## [Problem requirements]
Output, exactly as written, the lines below starting at the line containing "Bares Geld tanken" and ending at the line containing "Baş nazir Əli". Drop the pictures and keep both end lines.
Entries provided below:
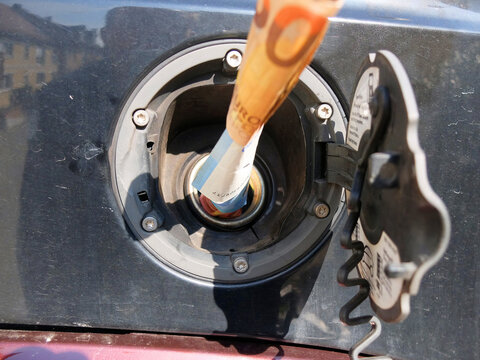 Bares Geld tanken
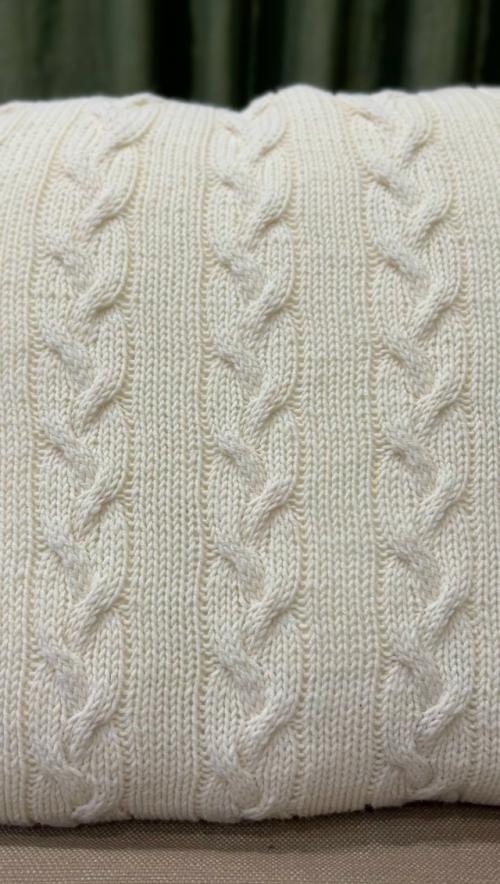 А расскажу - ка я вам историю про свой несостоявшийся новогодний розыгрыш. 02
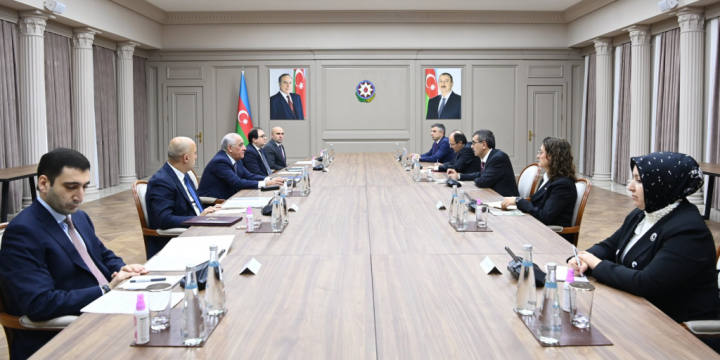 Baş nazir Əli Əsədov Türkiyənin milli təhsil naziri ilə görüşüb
End of Entries provided.
Entries provided below:
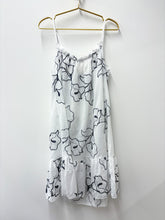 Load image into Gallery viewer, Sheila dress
End of Entries provided.
## [Answer]
 Bares Geld tanken
 А расскажу - ка я вам историю про свой несостоявшийся новогодний розыгрыш. 02
 Baş nazir Əli Əsədov Türkiyənin milli təhsil naziri ilə görüşüb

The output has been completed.